I was looking at my schedule for the next month, and it was very full of work and family activities. I felt overwhelmed, and I thought to myself, “I will just have to survive this next month. I will get through it and then be on the other side.” Usually I would then just move on through my day with forward determination. However, the reality of what I just thought struck me. I was in survival mode. I was surviving, not thriving. This is not how I want to choose to live my life.
When I go into survival mode my hope is always in the future, but I don’t enjoy the moment. I am not present, typically stressed and just living for an end point. Not only is this not how I want to live, but also not what I want to model as life to my children nor to those around me. This is not a life of purpose and meaning for me.
In his book, Flow: The Psychology of Optimal Experience, Csikszentmihalyi shares his research on how people can live happier and more meaningful lives. He describes habits we can develop to have an autotelic personality. “Autotelic” is the combination of two Greek terms of ‘auto’ – self and ‘telos’ – purpose. An autotelic personality has the ability to successfully engage in a continuum of life experiences. They can manage the most challenging and even traumatic experiences of life and be able to just enjoy the minor details of life. Here are the four habits:
Ability to Set Goals
A goal gives us a sense of direction. Often when we think of goals, we think of a big goal off in the future. However, this habit is more about setting small goals. For example, I know that for my overall life, I want to thrive, not survive. I also have some larger outcomes I am personally moving towards such as trusting God’s love, being intentional to feel love and joy, and being authentic to release joy. But, what are some goals I can set in the day to day living of my life that will connect me to purpose and thriving?
When I look at the details of my schedule, one of my activities is driving my daughter to places she needs to go. I could look at this as a goal of just getting her from point A to B and just surviving one more place to drive to.

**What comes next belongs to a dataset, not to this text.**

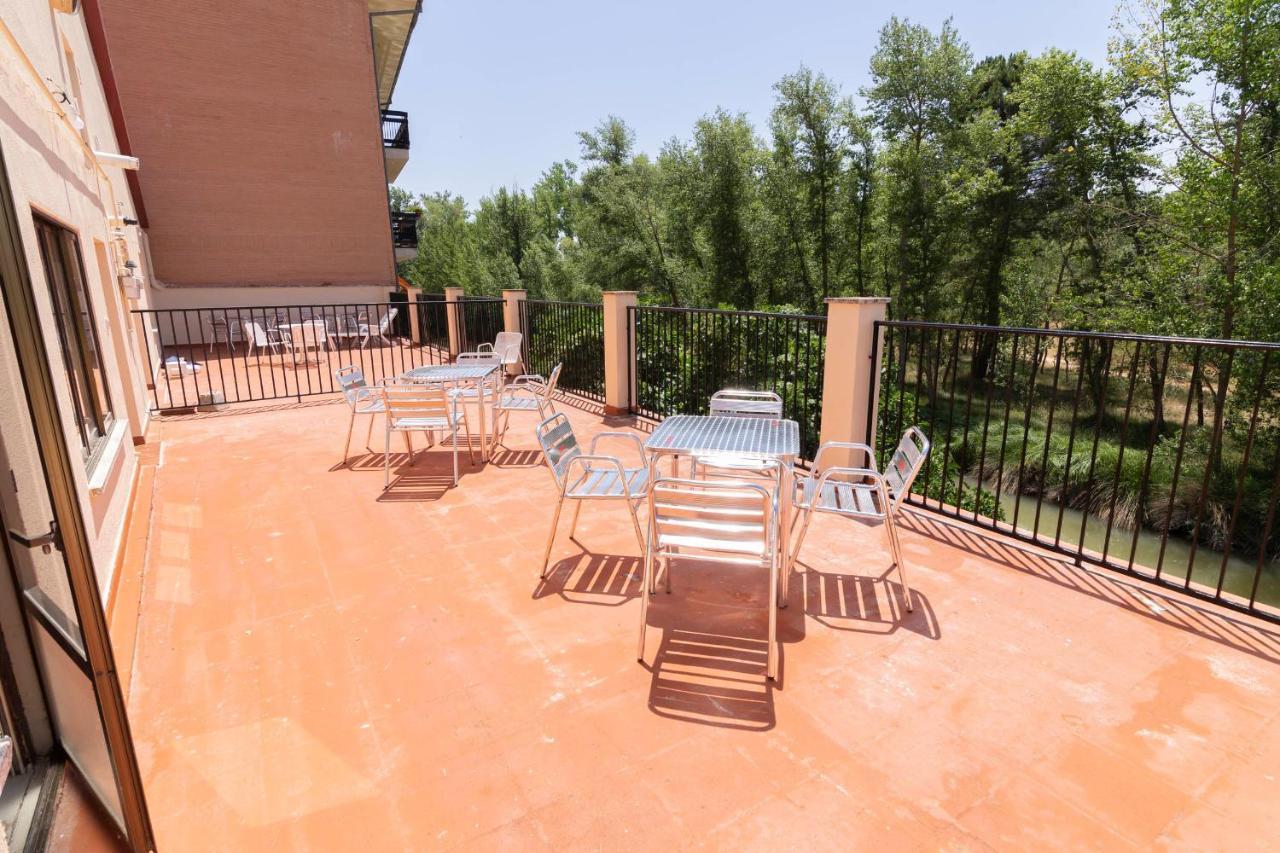 Apartamentos El Balcon Del Duero San Esteban De Gormaz Bagian luar foto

However, what if I set a different goal (or purpose)? Instead, I am going to use this opportunity while driving to focus on connecting with my daughter. My goal is now to emotionally connect in the moment with her. Now, in this moment I am thriving, not just surviving.
Knowing How to Pay Attention
People who are able to engage in ‘flow’ have a distinct habit of focus and being able to pay attention. They focus on one thing and don’t get distracted by multiple things. When my schedule is busy, I can become distracted by multi-tasking and thinking about various activities in my day. This keeps me from being present. With my goal to emotionally connect to my daughter, I need to keep focused on the connection as I spend that time with her.
Ability to Immerse in the Activity
When immersing in an activity, it allows us to enjoy the activity simply for its own sake. As we move towards our goal, we need to seek feedback. For example, as I try to connect to my daughter, I look for feedback on how well I am connecting. Maybe I try different questions, listening to music together, silence, or just being present, etc. What works and does not work? It is a process of seeking feedback that helps flow to happen.
Enjoyment of the Activity and a Sense of High Energy
By engaging in the first 3 habits, it leads to a sense of enjoyment and energy. Athletes who apply flow to their skill building can often reach this level of enjoyment as they play their sport. Scientists who engage in flow can reach a state of high creativity. With my daughter, I can find enjoyment in my day in a simple activity of driving. Instead of the driving becoming one more task to get done, it gains a higher purpose and therefore enjoyment.
Are you surviving or thriving? Are you choosing to live your life with purpose or just getting through the day? What small goals can you set to give meaning and then provide focus and feedback so that you feel the joy of thriving?